L’assenza fisica dei militanti italiani lungo il confine greco-turco è però compensata da un trampolino ideologico offerto alle nuove destre europee. Un’ispirazione intellettuale, per la transizione dalla tradizione del fascismo storico a quella della nuova destra sociale.

Punto d’incontro tra il vecchio e il nuovo è Roma, dove il 28 febbraio di ogni anno una cerimonia e una marcia ricordano l’uccisione di Mikis Mantakas, militante greco del Fronte universitario d’azione nazionale ucciso nel 1975 nella Capitale. È qui che insieme a militanti provenienti da tutta la penisola troviamo, tra gli ospiti d’onore, Giannis Nikolopoulos – figura cardine del Fronte Nazionale greco – e Hervé van Laethem – presidente del partito belga Nation [img 5-6].

Nation è anche promotore della creazione di gruppi informali per facilitare la presenza di estremisti di destra e Identitari lungo il confine greco-turco durante le settimane più calde della crisi. Ne sono un esempio i comitati Europa Azione Solidarietà che si prefiggono di «aiutare i patrioti greci che si oppongono all’invasione del loro paese e il nostro continente» inviando «attivisti europei per organizzare varie attività in loco» Tra i loro obiettivi figura il dover «informare l’opinione pubblica su ciò che sta realmente accadendo in Grecia in relazione all’invasione migratoria».

Generazione Identitaria, ramo italiano, nasce poco dopo la sua controparte francese e ottiene popolarità in breve tempo.
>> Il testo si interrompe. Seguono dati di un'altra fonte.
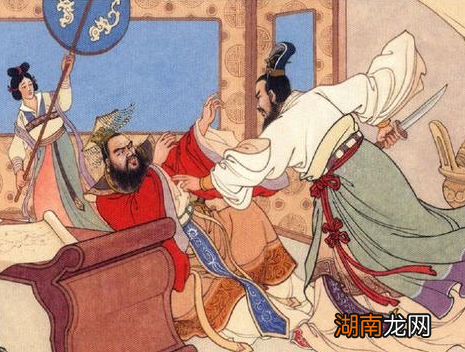 有哪三人刺杀过秦始皇?只有一人顺利逃脱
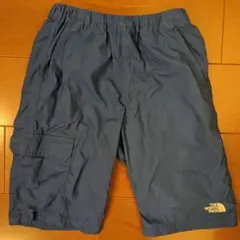 THE NORTH FACE サーフパンツ 150サイズ ブルー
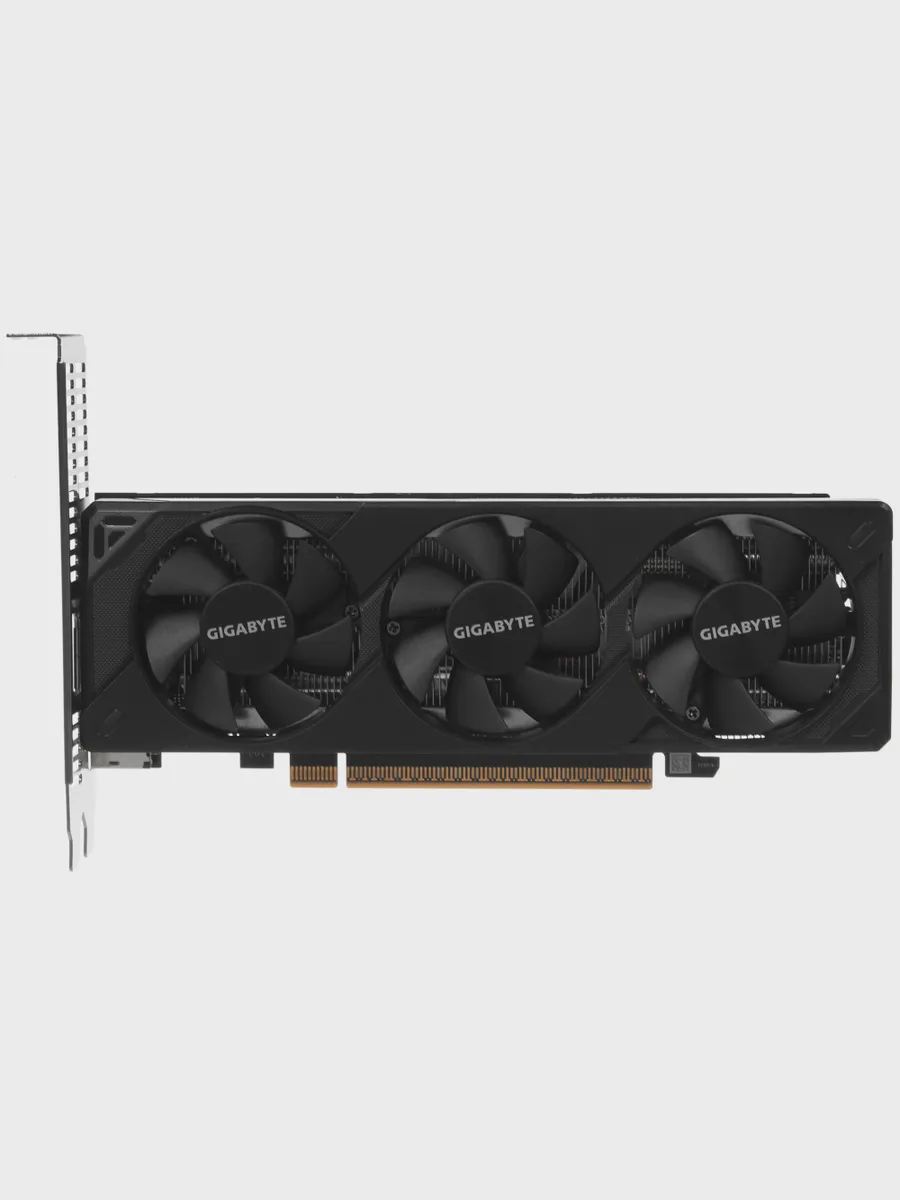 Видеокарта GIGABYTE GeForce RTX 5060 D7 Low Profile 8 ГБ GDDR7 2497 МГц — фото 2 из 11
Altrettanto velocemente segue, tuttavia, una rapida perdita se non di consensi certamente di partecipazione. Nel 2017, GI prende parte alla missione marittima del progetto Defend Europe con la nave C-Star che per cinque giorni naviga le acque antistanti la Libia per dissuadere le navi delle Ong dal salvare i migranti del mare [img 9-10]. È il momento di maggiore popolarità del movimento.

Da allora, del braccio italiano degli Identitari comincia a perdersi traccia. L’anno successivo organizza un flashmob sul confine Italia-Francia per impedire ai migranti di attraversare il confine alpino, a cui partecipano poche decine di militanti. Sempre del 2018, a febbraio, è una conferenza stampa organizzata al Parlamento Europeo, su invito dell’europarlamentare Mario Borghezio e dell’allora eurogruppo Europa delle Nazioni e della Libertà, a cui assiste uno sparuto numero di giornalisti. L’ultimo post del sito web di GI è datato luglio 2019. IrpiMedia ha contattato GI per chiedere un commento ma senza successo.